ESMCへの総投資額は、株式と借入資金、欧州連合(EU)とドイツ政府双方からの支援を合わせて100億ユーロ超となる見込みだ。Kao氏は「競争力のある投資環境を構築するには、それぞれの公的資金の支援が必要となる」と述べている。
ESMCで導入されるプロセス技術
この合弁事業ではまず、16/12nmのFinFETおよび28/22nmのプレーナCMOSノードに焦点を当て、さまざまな分野、特に車載および産業アプリケーションに革命をもたらす最先端の機能を結集する。これらのノードは、欧州の半導体技術における大きな躍進を意味し、多くの利点をもたらすだろう。
これらのプロセスノードは、車載および産業分野の進化するニーズとイノベーションのロードマップに完全に合致している。産業的な状況を見ると、28nm、22nm、16nm、12nmカテゴリーに対する需要がますます高まっている。これらのノードは、ネットワーク通信から家電製品や車載ソリューションまで、幅広いアプリケーションの重要なイネーブラーとして機能する。
これらのプロセスノードで際立っているのは、性能と効率という2つの柱を実現する能力だ。特に、16/12nm FinFET技術は、堅ろうな性能を維持しながら卓越したエネルギー効率を提供することに秀でている。このため、効率と信頼性が最も重要で、消費電力が重視される車載システムに最適だ。
一方、28/22nmプレーナCMOSプロセスは、より幅広いアプリケーションに対応できる。

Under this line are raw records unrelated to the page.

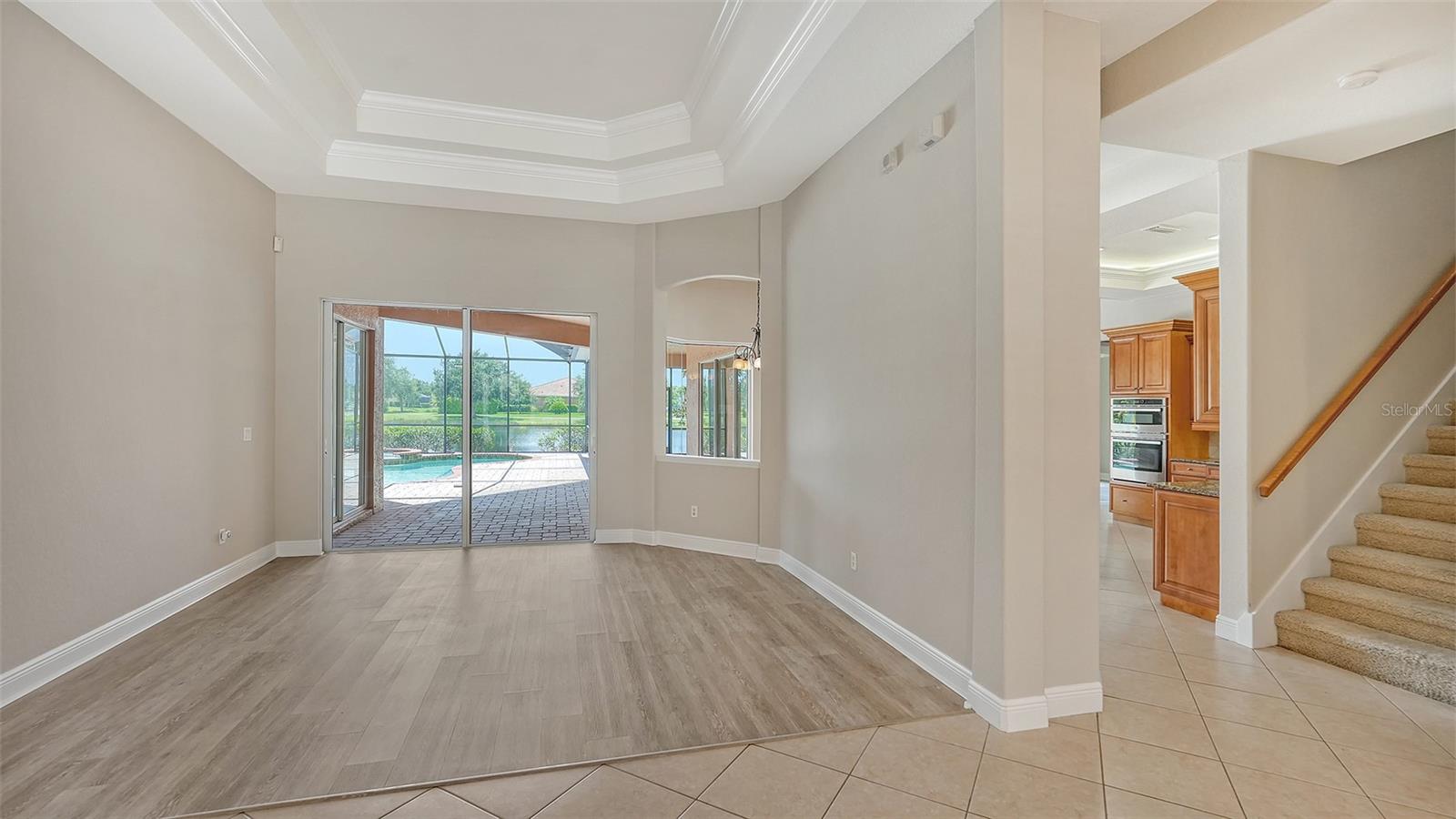 6961 SCRUB JAY DR, SARASOTA, FL, 34241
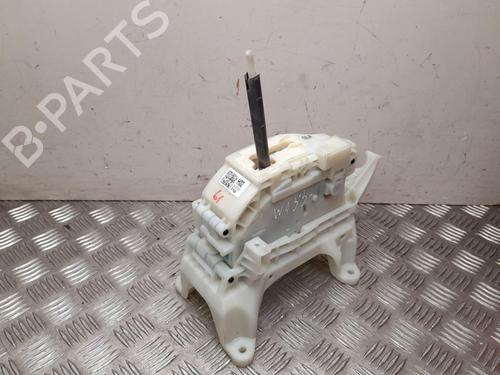 Used Gear lever HYUNDAI IONIQ (AE) 1.6 GDI Hybrid (105 hp) 28923416
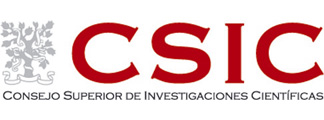 CSIC - Consejo Superior de Investigaciones Científicas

Kao氏によると、同技術の汎用性は、車載や産業、通信インフラなど、さまざまなアプリケーションに適応できるという。同プロセスを適用して開発される技術のバリエーションは、組み込みフラッシュやRF、RRAM(抵抗変化型メモリ)、MRAM(磁気抵抗メモリ)、その他の不揮発性メモリなどの革新的な道を探究し、ドレスデン工場がイノベーションの最前線にあり続けることを可能にするものだ。
欧州の主要市場が進化を続け、28/22nmおよび16/12nm FinFET技術ノードの高度なウエハーに対する需要が高まる中、今回の協力体制は、これらの要件に応える最適なものになるだろう。欧州の半導体業界は、これらのノードに正確に適合し、産業および車載アプリケーション向けのロジックチップを設計している。その結果、技術力と市場の需要の調和が取れた相乗効果が生まれている。
新しい工場施設の場所にドレスデンが選ばれたのは、いくつかの重要な考慮事項によって決定されたことだった。Kao氏によると、ドレスデンは欧州のマイクロエレクトロニクスの中心地として戦略的に位置付けられていて、欧州最大規模の最先端半導体工場がいくつかあるという。